FORT LAUDERDALE, Fla. – A Broward Sheriff's Office deputy charged with manslaughter in the 2013 fatal shooting of a man who was carrying an air rifle appeared Monday morning in court, where a crowd of law enforcement officers from all over South Florida showed up to support him.
"That could be me tomorrow," a BSO deputy, who did not want to be identified, told Local 10 News outside the courtroom. "
An attorney for Deputy Peter Peraza said he had a question about the grand jury process and asked a Broward County judge to preserve the testimony for the time being. The judge granted the request.
"The daughter of a grand juror was arrested by a BSO deputy," attorney Eric Schwartzreich said. "My client is a BSO deputy. If that's the case, I don't believe there's any way, any chance, that it should have been allowed that that grand juror should have been able to sit on this grand jury to make a determination as to whether or not my client committed manslaughter."
Peraza is accused of shooting Jermaine McBean on July 31, 2013, outside McBean's apartment complex. McBean was carrying an unloaded Winchester air rifle.
A federal lawsuit filed against Broward County, Sheriff Scott Israel and Peraza claims that McBean could not hear deputies' commands to drop the gun because he was listening to music with earbuds.
McBean family's attorney, David Schoen, claims that the BSO told the family that they found the earbuds in McBean's pocket.
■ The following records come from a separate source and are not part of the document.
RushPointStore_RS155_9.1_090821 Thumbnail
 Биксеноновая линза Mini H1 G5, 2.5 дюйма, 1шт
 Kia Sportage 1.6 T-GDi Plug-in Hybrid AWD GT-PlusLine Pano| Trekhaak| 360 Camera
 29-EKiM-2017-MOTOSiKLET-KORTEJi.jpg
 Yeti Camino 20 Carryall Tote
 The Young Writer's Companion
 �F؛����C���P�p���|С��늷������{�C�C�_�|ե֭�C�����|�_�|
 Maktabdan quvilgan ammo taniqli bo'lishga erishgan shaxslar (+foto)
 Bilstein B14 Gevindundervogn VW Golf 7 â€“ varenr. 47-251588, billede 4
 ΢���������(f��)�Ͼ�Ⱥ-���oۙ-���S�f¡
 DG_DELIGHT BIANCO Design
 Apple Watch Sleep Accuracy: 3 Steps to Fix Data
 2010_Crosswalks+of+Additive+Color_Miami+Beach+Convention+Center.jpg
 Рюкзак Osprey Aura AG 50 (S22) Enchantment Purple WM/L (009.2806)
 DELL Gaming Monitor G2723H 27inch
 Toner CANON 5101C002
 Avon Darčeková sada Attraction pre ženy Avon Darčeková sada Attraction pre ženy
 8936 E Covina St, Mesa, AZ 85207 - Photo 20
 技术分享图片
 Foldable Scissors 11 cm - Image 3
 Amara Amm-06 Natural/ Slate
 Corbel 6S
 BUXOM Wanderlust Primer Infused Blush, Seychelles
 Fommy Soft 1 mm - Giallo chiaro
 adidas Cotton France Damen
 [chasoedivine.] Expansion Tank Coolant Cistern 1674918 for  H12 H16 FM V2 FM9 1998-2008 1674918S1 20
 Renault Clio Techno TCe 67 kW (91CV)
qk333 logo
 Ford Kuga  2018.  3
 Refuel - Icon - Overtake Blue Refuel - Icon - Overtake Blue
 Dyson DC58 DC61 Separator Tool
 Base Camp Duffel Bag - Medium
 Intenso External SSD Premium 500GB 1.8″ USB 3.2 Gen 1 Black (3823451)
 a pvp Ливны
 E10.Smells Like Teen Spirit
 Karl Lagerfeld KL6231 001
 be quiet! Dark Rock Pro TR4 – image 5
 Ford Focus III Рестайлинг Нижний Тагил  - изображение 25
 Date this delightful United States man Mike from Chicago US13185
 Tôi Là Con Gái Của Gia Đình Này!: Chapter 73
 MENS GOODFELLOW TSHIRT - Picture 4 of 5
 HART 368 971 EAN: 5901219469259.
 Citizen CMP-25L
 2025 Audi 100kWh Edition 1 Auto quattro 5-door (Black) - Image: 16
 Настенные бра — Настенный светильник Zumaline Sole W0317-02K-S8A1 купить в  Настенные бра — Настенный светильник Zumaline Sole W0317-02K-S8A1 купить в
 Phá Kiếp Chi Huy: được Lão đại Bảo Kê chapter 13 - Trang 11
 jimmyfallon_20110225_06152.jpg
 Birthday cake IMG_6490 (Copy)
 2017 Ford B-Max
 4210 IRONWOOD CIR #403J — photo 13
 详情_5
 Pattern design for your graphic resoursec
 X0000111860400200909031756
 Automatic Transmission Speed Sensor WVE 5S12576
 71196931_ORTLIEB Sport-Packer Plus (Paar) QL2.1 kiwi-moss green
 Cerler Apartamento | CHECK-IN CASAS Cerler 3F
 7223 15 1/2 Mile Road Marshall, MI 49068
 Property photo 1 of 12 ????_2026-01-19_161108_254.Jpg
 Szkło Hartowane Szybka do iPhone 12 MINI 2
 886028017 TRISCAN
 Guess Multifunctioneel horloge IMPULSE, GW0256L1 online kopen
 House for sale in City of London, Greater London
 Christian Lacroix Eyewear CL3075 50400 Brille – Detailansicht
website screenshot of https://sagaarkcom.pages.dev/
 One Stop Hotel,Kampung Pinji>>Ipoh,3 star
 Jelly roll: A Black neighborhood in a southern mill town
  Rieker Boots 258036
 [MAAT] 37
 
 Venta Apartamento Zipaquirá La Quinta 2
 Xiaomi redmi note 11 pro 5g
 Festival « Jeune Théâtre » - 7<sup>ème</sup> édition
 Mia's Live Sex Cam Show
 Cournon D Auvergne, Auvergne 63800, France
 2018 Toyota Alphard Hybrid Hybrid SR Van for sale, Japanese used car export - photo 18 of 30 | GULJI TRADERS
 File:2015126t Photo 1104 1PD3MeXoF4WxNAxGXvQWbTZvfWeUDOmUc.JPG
He also told Local 10 News in an email Monday that the law enforcement officials who showed up to court to support Peraza were dishonoring their badge.
"Law enforcement officers across the country come to work every day of the week to protect and serve us. They are our heroes," Schoen said. "They uphold the oath they took to enforce the law, fairly and evenly across the board. To the extent Broward County Sheriff's Office deputies answer the call of their union leader and show up in force in court at the proceedings of Deputy Peraza, charged with the homicide of Jermaine McBean, a law abiding 33-year-old African-American engineer and citizen of Broward County, intending to send a message that the duly returned indictment somehow is not valid and to intimidate the state attorney or influence potential jurors or continue to speak out with a false narrative about the homicide of Jermaine McBean, they dishonor their badge and their oath of office and their actions should be decried by the sheriff and by every good and decent law enforcement professional."
Social activists also told Local 10 News that the shooting qualifies as police brutality.
"What we have here is a man who was walking down the streets with a rifle who later pointed it at a deputy," Schwartzreich said. "My client was doing his job. Nothing more and nothing less."
Peraza was a 12-year veteran at the time of the shooting.
Israel said he suspended Peraza without pay pending the outcome of the criminal investigation.
Peraza faces up to 30 years in prison if he is convicted of manslaughter with a firearm. His arraignment is scheduled for Jan. 6.